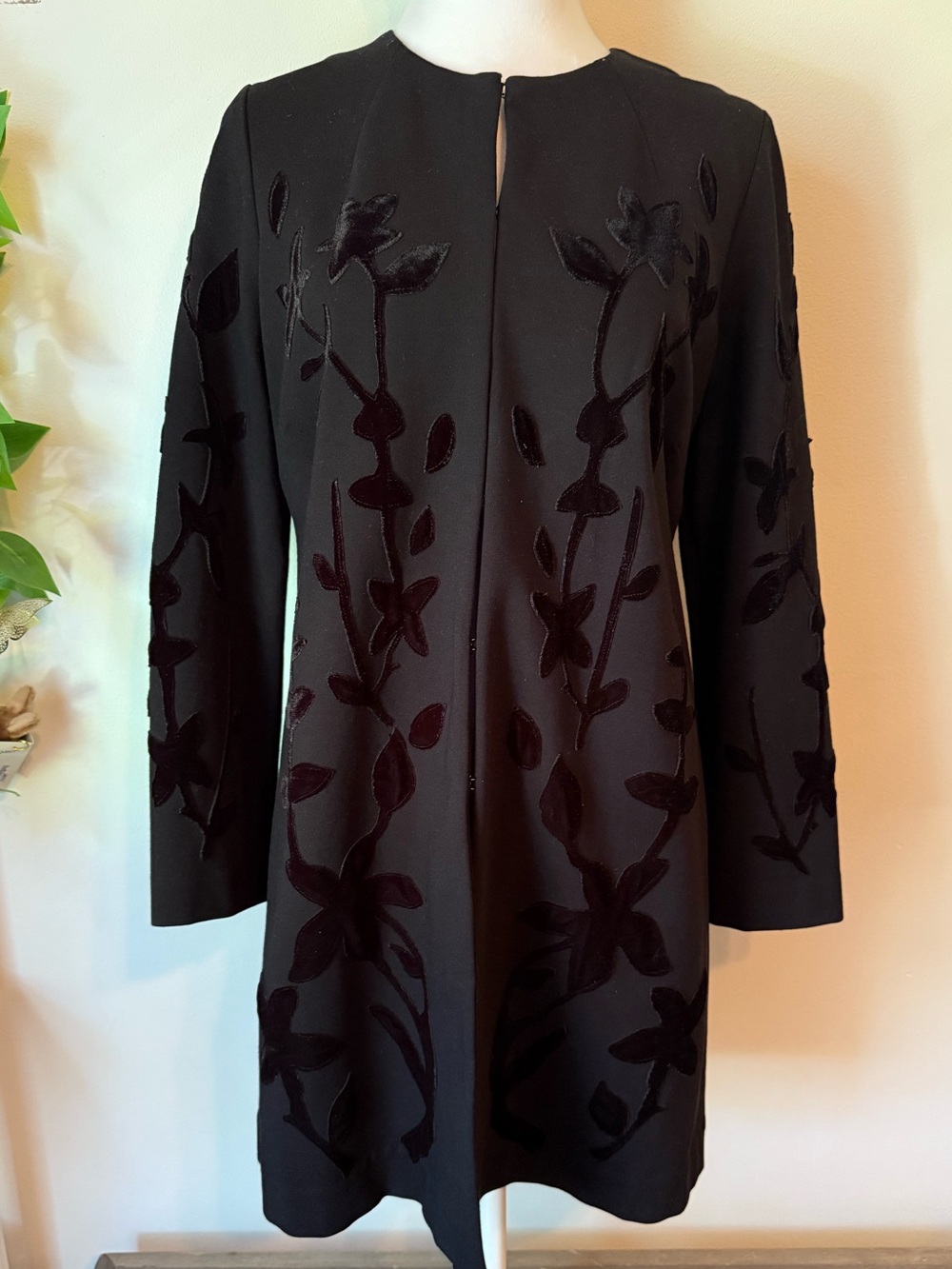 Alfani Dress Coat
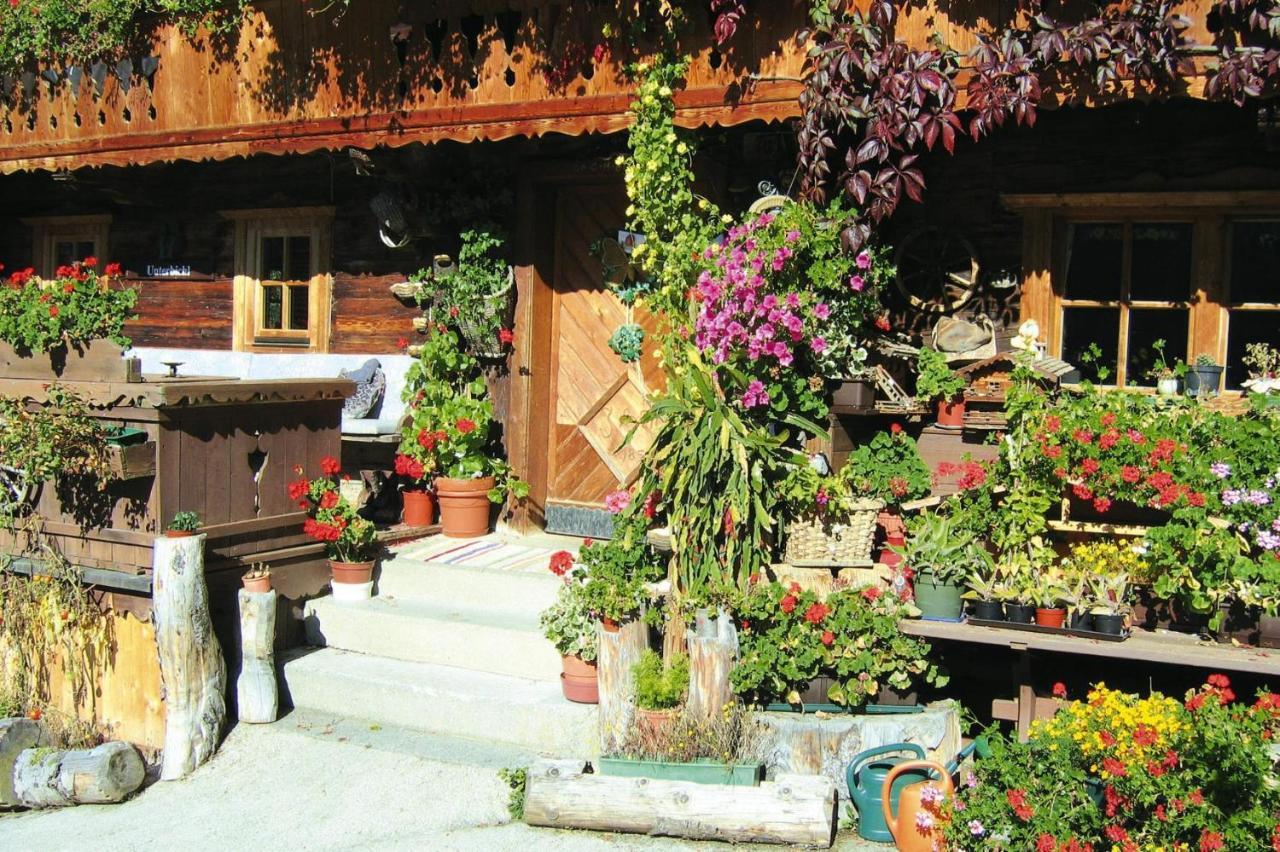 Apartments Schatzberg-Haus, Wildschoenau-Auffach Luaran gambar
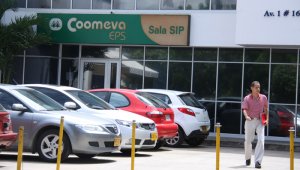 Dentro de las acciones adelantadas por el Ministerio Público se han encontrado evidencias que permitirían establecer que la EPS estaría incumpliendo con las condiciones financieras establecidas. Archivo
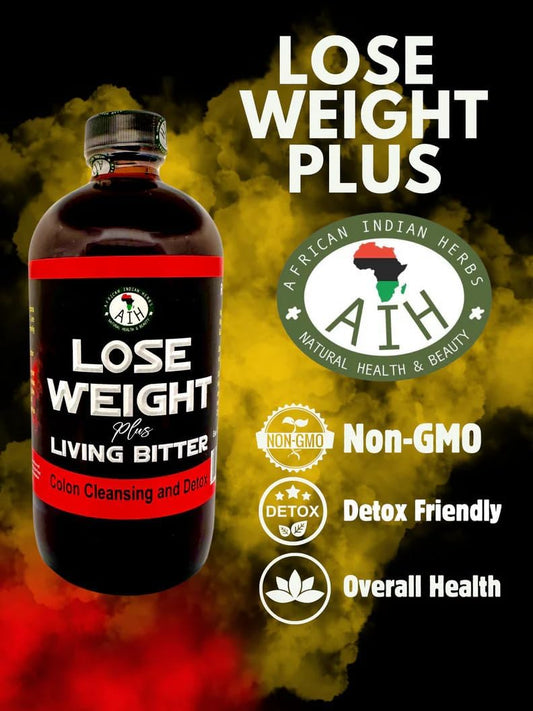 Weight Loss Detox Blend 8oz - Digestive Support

──────────

Copy out the full material exactly. Pictures should not appear in it.

ANSWER FOR THIS EXERCISE:
 Alfani Dress Coat
 Apartments Schatzberg-Haus, Wildschoenau-Auffach Luaran gambar
 Dentro de las acciones adelantadas por el Ministerio Público se han encontrado evidencias que permitirían establecer que la EPS estaría incumpliendo con las condiciones financieras establecidas. Archivo
 Weight Loss Detox Blend 8oz - Digestive Support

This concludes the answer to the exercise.